Я почувствовал огромное облегчение от того, что они приняли это решение за меня, хотя чисто по-человечески мне было жутко жаль обречённых на смерть. Я стёр со лба пот, который всё норовил попасть в глаза. И это ведь при том, что система жизнеобеспечения работала безукоризненно и температура в кабине не поднималась ни на градус…

И вдруг я замер и даже перестал слышать собеседницу, которая что-то объясняла. Или жаловалась на что-то… Мысль о системе жизнеобеспечения крутилась в голове непокорным зверем и никак не давала ухватиться за неё. Ну же! Давай! Система… Воздух… Объём воздуха…

– Тихо! – закричал я в возбуждении, сам не до конца веря в то, что пришло в голову и наконец-то оформилось в идею.

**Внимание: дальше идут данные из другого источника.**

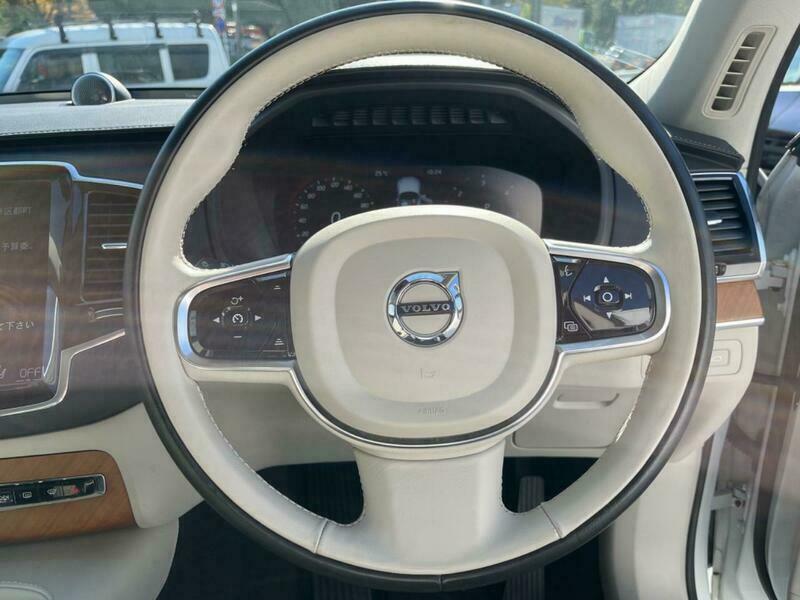 XC90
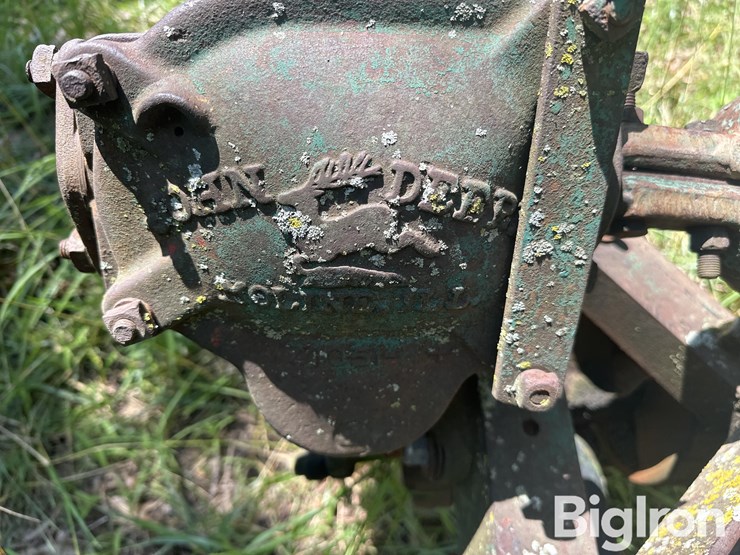 john-deere-h-image-13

Женщина тут же испуганно замолчала.

– Я размышляю, ты проверяешь правильность моих выводов. Не перебиваешь! – приказал я, яростно крутя руль и снова выжимая из машины максимум скорости, потому что местность в окрестностях станции сделалась ровной.

– Производительность кислородного генератора составляет сто сорок литров кислорода в час, – начал я размышлять вслух. – Она рассчитана на то, что водитель потребляет около сорока литров в связи с совершением физических действий и активным дыханием. И рассчитана на четырёх пассажиров, каждый из которых в состоянии покоя потребляет примерно двадцать пять литров кислорода в час.

– Да но… – пискнула было женщина.

– Заткнись! – я тут же разозлился, потому что она чуть не спугнула мысль. – Но в состоянии сна человек потребляет на тридцать процентов меньше кислорода…

В эфире установилась тягостная тишина, а я усиленно думал.

– То есть если человека погрузить в очень глубокий сон, то потребление кислорода можно будет сократить до пятнадцати литров на человека. А это значит…

– Это значит… – эхом отозвалась она.

– Это значит, что я смогу взять на борт всех семерых! – закричал я от радости, что наконец-то додумал мысль до логического конца. – И никому не надо будет жертвовать собой! Все спасутся!

– Но где мне взять снотворное?! – закричала она в сильном волнении.

– Взламывайте анабиозные капсулы! – приказал я. – Под ложем находится хранилище препаратов! Там же и снотворное, которое вкалывается перед процедурой замены крови антифризом! Быстрее! Я уже на подходе!

– Поняла! – прокричала она и отключилась.

Меня охватила жуткая радость от того, что никому больше не придётся умирать. Для нашего общего горя достаточно и тех девятерых, которые уже никогда не проснутся.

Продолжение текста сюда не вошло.